Çatışma alanlarından yansıyan bazı gelişmeler, “yurtsever barış”ı sağlama çabalarının bazı sonuçlar yarattığına işaret ediyor. Örneğin sahada bulunan gazeteciler, Suriye Arap Ordusu (SAO) ile Özgür Suriye Ordusu (ÖSO) güçlerinin bazı bölgelerde geçici ateşkes konusunda anlaştıklarını ve sivil halkın kontrol noktalarından geçişine izin verildiğini bildiriyorlar. “Yurtsever barış” girişimleri sonucu, başkent Şam çevresinde gündeme gelen bu yerel anlaşmaların, diğer çatışma bölgelerinde de gündeme gelmesi bekleniyor. 

Bu arada yakın zamana kadar, “siyasal çözüm” diye bir şey tanımadıklarını ilan eden dinci/cihatçı çetelerin bir kısmı, bu konuda tutum değiştirdiklerini açıkladılar. “İslami Cephe” adı altında biraraya gelen silahlı çetelerin bir kısmı, Cenevre’de başlayan siyasi çözüm arayışlarına destek vereceklerini açıkladılar. Bu açıklamanın çatışma alanına yansıyıp yansımayacağı henüz belli olmasa da, cihatçı çetelerin bir kesiminin “sonuna kadar savaş” söylemini terk etmeye başladığının işareti sayılabilir.

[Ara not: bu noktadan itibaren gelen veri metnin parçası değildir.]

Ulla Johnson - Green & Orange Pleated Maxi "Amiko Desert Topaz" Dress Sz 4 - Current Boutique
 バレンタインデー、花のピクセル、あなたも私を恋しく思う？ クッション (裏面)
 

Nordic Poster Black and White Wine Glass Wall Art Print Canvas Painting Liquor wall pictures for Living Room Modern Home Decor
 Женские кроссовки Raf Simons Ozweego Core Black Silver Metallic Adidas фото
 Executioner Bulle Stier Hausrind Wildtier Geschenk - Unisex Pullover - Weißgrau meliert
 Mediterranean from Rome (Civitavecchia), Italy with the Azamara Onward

Yıkıcı savaşın bedelini ağır bir şekilde ödeyen Suriye halkları, çatışmaların bir an önce bitmesini ve cihatçı çetelerin ülke dışına çıkarılmasını istiyor. Bu yaygın eğilim henüz kitlesel eylemlerle dile getirilmese de, cihatçı teröristler dışında bunun aksini iddia eden kimse kalmadı. Görünen o ki, iktidar savaşına tutuşan taraflar, gelinen aşamada halktaki bu baskın eğilimi, artık dikkate almak zorundalar. Tarafların “siyasal çözüm”den yana olduklarını ilan etmelerinin temel nedenlerinden biri, son dönemde halk arasında daha da belirginleşen bu yaygın eğilimdir.